C8H10N4O2 · 26/09/2019 09:40

Any parent of either sex can micro-manage. It's about teaching the DS that he doesn't get to opt out because he's male

And yet every time it comes up here its the female parent doing the worrying and the micromanaging.

He is 16 not 6. He works and has his own money and can't even buy a birthday card? At 16 the message needs to be stronger than gentle micromanaging - it needs to be closer to a kick up the backside.

The OP has made clear its not about the amount of money spent, a simple card/gift would be enough. He just doesn't care enough even to do that.

These threads are invariably about men and boys and the excuses being made for them. They are too young, they have hormones, they have vair busy jobs, their mothers didn't teach them. He needs to pull his socks up, set a calendar and budget to spend a few quid a year on birthday cards.

MaybeNew · 26/09/2019 09:43

I think you’re being unfair here. Your DS is a child and should be given presents from his parents just like other children in the family.

You do need to talk to him about how he celebrates other people’s birthdays. We have a rule that a card is always given (preferably home made when the DC were small) and that it is nice to give a gift to certain people, for us that is siblings and parents.

I don’t expect anything else up until the DC are full time earning money. In fact we put a £5 limit on all presents bought by DC. They have taught themselves to make various sweets and biscuits, so buy their ingredients and do that.

I pay for gifts for their friends’ birthdays because their pocket money is limited and for specific things. I don’t want them spending their savings on presents.

And I don’t encourage pointless buying. A cheap bar of chocolate does not show any thought and it’s silly to pretend that it does.

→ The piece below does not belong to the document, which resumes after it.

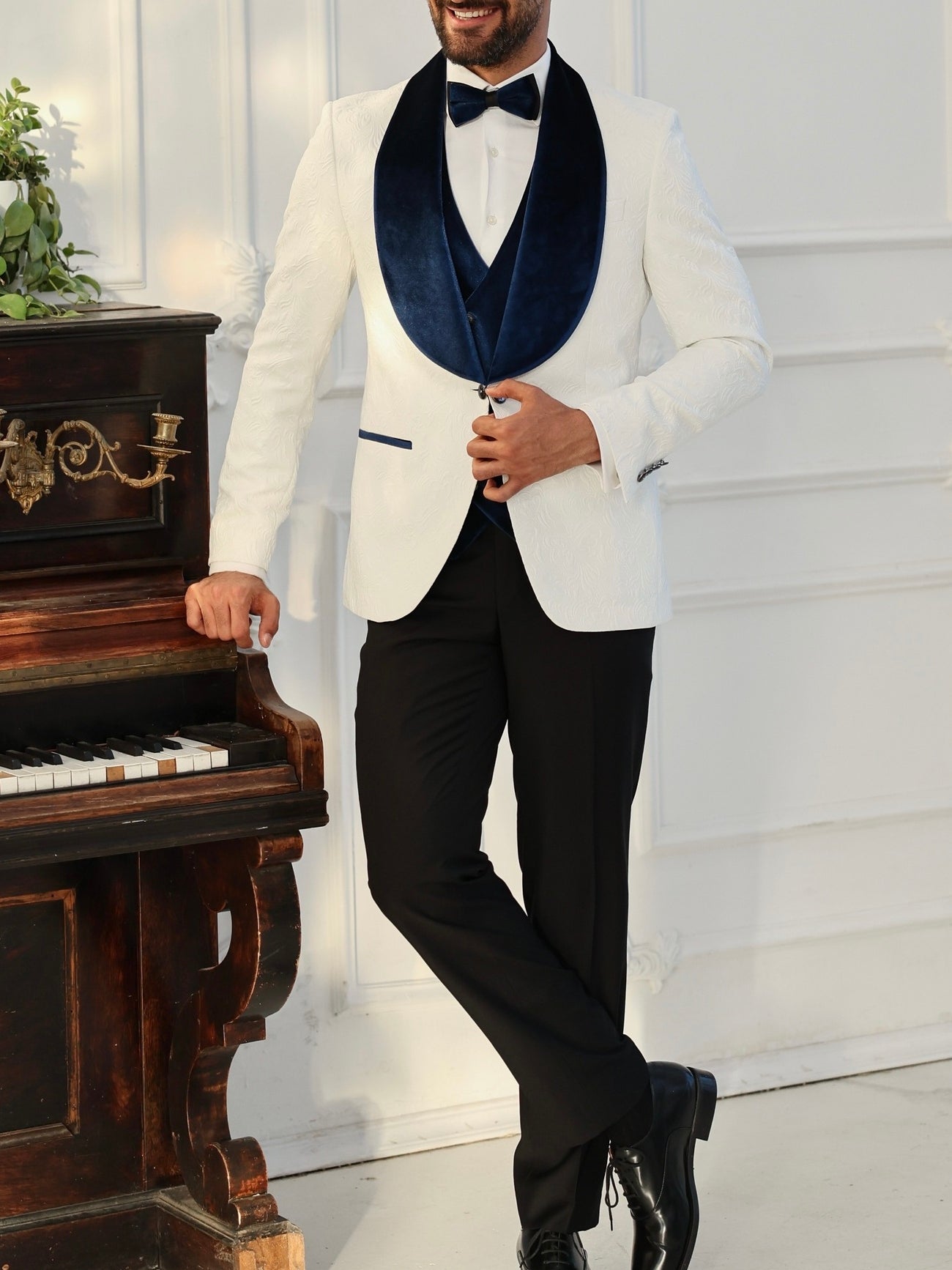 Men’s white slim-fit 3-piece tuxedo with shawl lapel blazer, matching waistcoat and trousers, featuring a one-button design and double vent for formal black-tie occasions.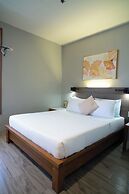 Madonna Hometel and Suites New Pandan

C8H10N4O2 · 26/09/2019 09:43

What other families do gift card wise is not the point here. In the OPs family and many others teenagers do buy their own (small) gifts and cards.

Rachelover60 · 26/09/2019 09:48

What custardcream lover said on first page.

Please do tell him he is being mean because he is! He's a bit young to be stingy too.

Mamabear144 · 26/09/2019 09:49

My brother has always been like this, he always expected me to save up and get him a fab present and then would get my mam to get me a present, he still has no idea how to get cards, he thought it would be funny to buy my step dad a "deepest sympathy" card for father's day and we had to make him get a different one as my step dad was grieving the loss of his father. He gets grown men a birthday card for a 4 year old girl. Recently he has started to cop on and actually asks for advice on presents and what to get people. He is nearly 23 though. Unfortunately I think its just a matter of when they decide to grow up. I don't think it's anything personal to the people around him I think it's just immaturity and not being bothered.

TatianaLarina · 26/09/2019 09:49

Just don’t buy him any presents. Then he will learn what it’s like to be on the receiving end of his own behaviour.

My father has always been shit with presents, yet is put out if presents to him are not on point. Don’t let him turn into my dad.

lesleyw1953 · 26/09/2019 09:50

Charge him more for his keep and recycle the cash!

79andnotout · 26/09/2019 09:51

He should be allowed to make his own choices on this. He's earning the money, so if he doesn't want to spend it on gifts, that's his choice. If it means people are upset, that's something he needs to navigate himself emotionally.